### Try it
This task asks for the lines from the one with "Hi, my name" to the final line below, repeated exactly, with pictures omitted.

(Collected data)
[Start of Attachment]

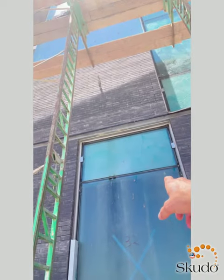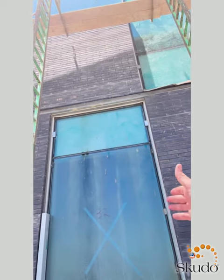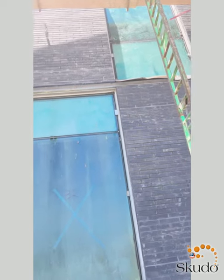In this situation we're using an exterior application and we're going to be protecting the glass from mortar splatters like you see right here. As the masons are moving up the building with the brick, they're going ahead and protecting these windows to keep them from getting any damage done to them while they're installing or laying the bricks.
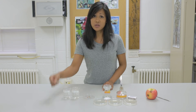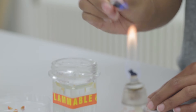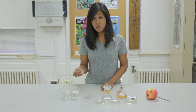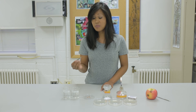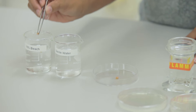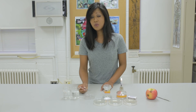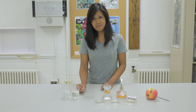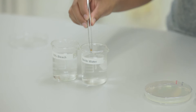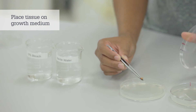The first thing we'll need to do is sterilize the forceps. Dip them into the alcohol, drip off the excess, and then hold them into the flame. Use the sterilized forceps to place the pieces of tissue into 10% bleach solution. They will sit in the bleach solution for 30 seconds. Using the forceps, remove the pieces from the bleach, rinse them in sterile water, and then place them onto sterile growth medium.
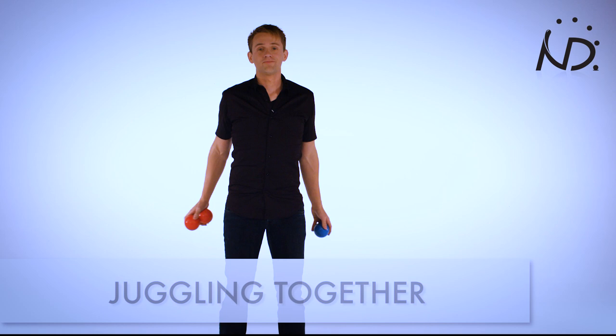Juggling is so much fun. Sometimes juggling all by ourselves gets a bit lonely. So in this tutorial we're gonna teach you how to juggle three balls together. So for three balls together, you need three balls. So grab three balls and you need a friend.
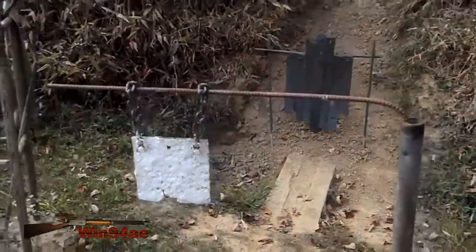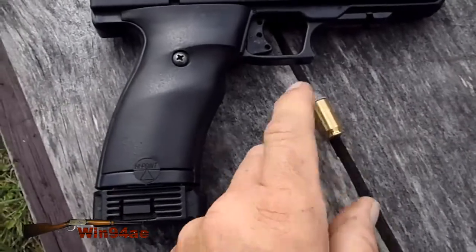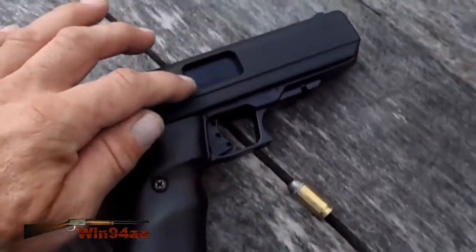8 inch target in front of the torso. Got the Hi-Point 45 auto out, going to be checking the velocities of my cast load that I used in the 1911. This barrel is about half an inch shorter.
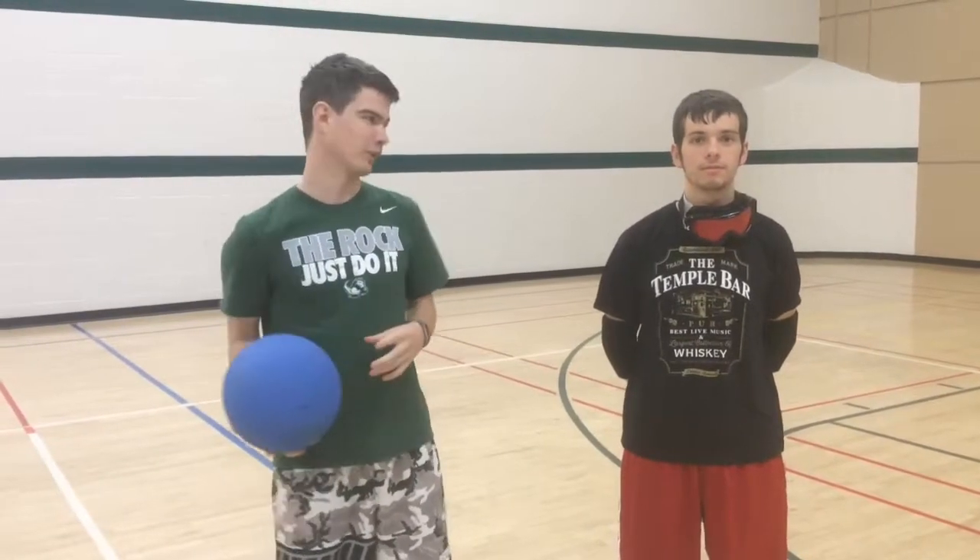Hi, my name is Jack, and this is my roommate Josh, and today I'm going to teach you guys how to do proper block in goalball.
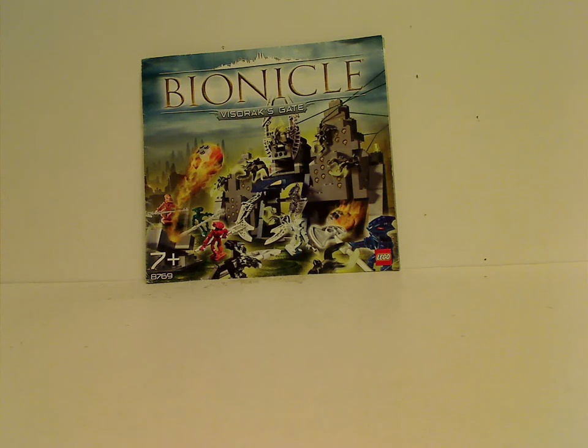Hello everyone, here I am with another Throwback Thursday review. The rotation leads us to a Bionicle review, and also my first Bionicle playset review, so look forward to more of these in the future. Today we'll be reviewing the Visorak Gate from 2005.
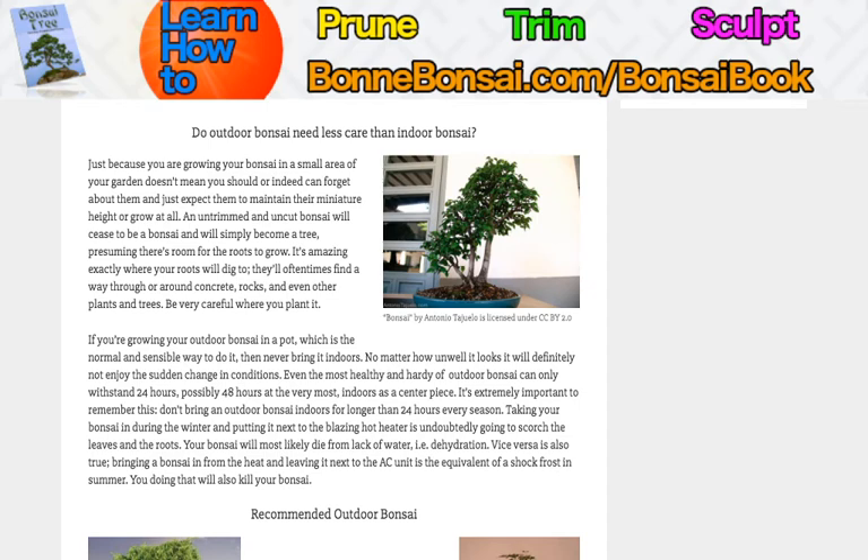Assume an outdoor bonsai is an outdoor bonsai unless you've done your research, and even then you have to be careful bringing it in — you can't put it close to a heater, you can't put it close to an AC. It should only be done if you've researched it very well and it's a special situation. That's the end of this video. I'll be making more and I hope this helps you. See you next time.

[End of Attachment]

### Written response
Hi, my name is Jack, and this is my roommate Josh, and today I'm going to teach you guys how to do proper block in goalball.
Hello everyone, here I am with another Throwback Thursday review. The rotation leads us to a Bionicle review, and also my first Bionicle playset review, so look forward to more of these in the future. Today we'll be reviewing the Visorak Gate from 2005.
Assume an outdoor bonsai is an outdoor bonsai unless you've done your research, and even then you have to be careful bringing it in — you can't put it close to a heater, you can't put it close to an AC. It should only be done if you've researched it very well and it's a special situation. That's the end of this video. I'll be making more and I hope this helps you. See you next time.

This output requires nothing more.